__YOUR TASK__. The listing below should be written out word for word, with its pictures removed.

(AVAILABLE RECORDS)

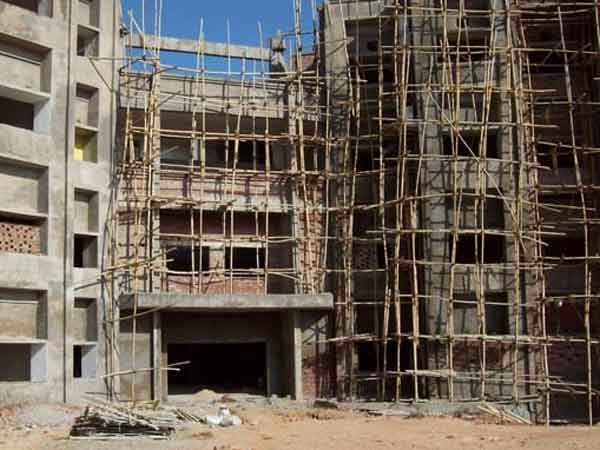 सर्वे ने किया खुलासा, 50 शहरों में अटके पड़े हैं 60 फीसदी से भी अधिक हाउसिंग प्रोजेक्ट सर्वे ने किया खुलासा, 50 शहरों में अटके पड़े हैं 60 फीसदी से भी अधिक हाउसिंग प्रोजेक्ट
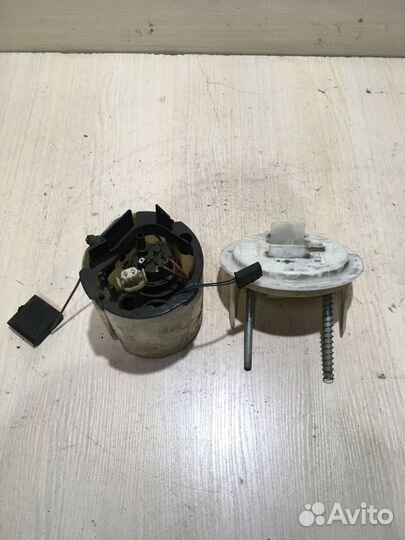 Топливный насос Mercedes Benz Е212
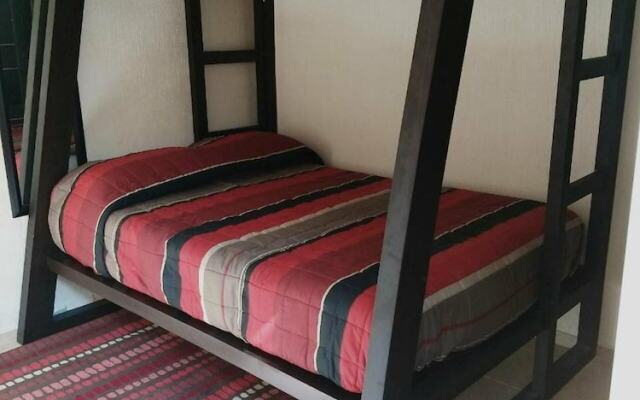 Linda Casita de Cereza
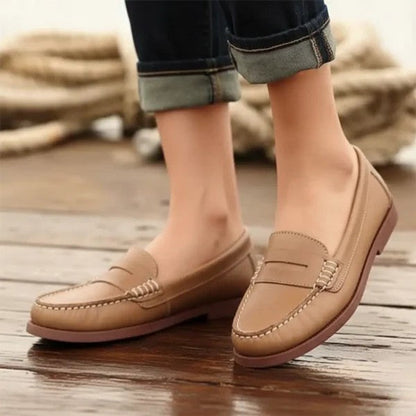 Women's Black Leather Moc Toe Loafers - Vonnera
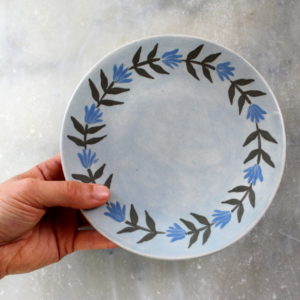 assiette à dessert artisanale en grès couleur bleu ciel avec frise de fleurs bleues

(End AVAILABLE RECORDS)

__RESULT FOR THIS EXERCISE__.
 सर्वे ने किया खुलासा, 50 शहरों में अटके पड़े हैं 60 फीसदी से भी अधिक हाउसिंग प्रोजेक्ट सर्वे ने किया खुलासा, 50 शहरों में अटके पड़े हैं 60 फीसदी से भी अधिक हाउसिंग प्रोजेक्ट
 Топливный насос Mercedes Benz Е212
 Linda Casita de Cereza
 Women's Black Leather Moc Toe Loafers - Vonnera
 assiette à dessert artisanale en grès couleur bleu ciel avec frise de fleurs bleues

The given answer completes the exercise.